ニカフィが映画で見たかったのだが、一瞬とはいえ登場したのでよかった。
てかREDの時系列ってどの辺だろうな。ジンベイとゼウスがいるからワノ国後? しかしヤマトが船に乗ってない(確定したわけじゃないが)。五番目の皇帝発言もあるから、まだ四皇にはなってないし。鬼ヶ島討ち入りの途中でライブ見に行ったのかもしれんな。

シャンクス
顔見ると笑っちゃう。
シャンクスがキメ顔で民間人に殴られまくってるシーン、爆笑。

やっぱりシャンクスはいい奴だった。散々「シャンクス悪人だった⁉︎」てタイプの考察が出回ってたけど、そんなわけはないのだ。でもフィガーランド家がどうたら言われてたし、『シャンクス天竜人説』はマジかもしれん。

「平和や平等は存在しないが、お前の歌は人々を幸せにできる」と娘に語っていたが、ウタは結局平和や平等な世界を作ろうとしてしまった。

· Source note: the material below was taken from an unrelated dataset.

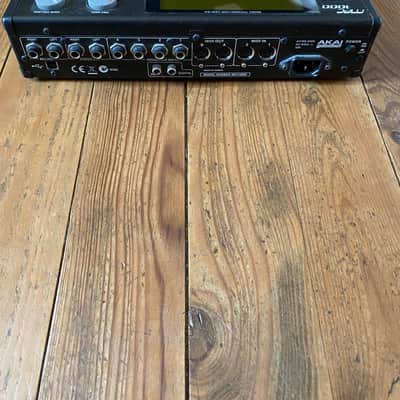 Akai MPC1000 Black w/ JJOS + 2gb memory card Bild 5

その結果民衆から反感を食らってたわけだし、平和・平等の実現は実質不可能であり、その代わりに目指すものとして「自由」があるんだろうなと思った。

ウタを置いてったのはシャンクスの優しさなんだけど、それで色々拗らせてるから何だかなぁって。かといってウタに真実を知らせるのは酷だし、世間にバレたら能力とシャンクスとの関係から指名手配は確実なので、シャンクスが罪被るのは最善だったかも。
映像電電虫逃したSSGが悪いよ。七武海も取り逃すし、こんなん信用した藤虎もバカ。

かなり設定開示された赤髪海賊団
ベンベックマン、ヤソップ、ラッキールウ、ロックスターぐらいは知ってたけど、新しくホンゴウとハウリングガブを覚えた。他は知らん。
シャンクスの見聞殺しの覇王色や、ヤソップの他者リンクする見聞色など、赤髪海賊団は覇気に特化した一味なのかも。ハウリングガブの謎ビームは能力かもしれんが。
ルフィにもウタにも面識ないのに助けに来てくれたロックス・D・ターさんを褒めろ。

有事の際には民衆ごと叩くのが赤犬流。
藤虎がそれに反発しないのは違和感あった。見えないとこで重力かけて民衆無力化してたのかもしれんが。てか藤虎お前サイクロップスみたいなゴーグルつける意味ねぇだろ。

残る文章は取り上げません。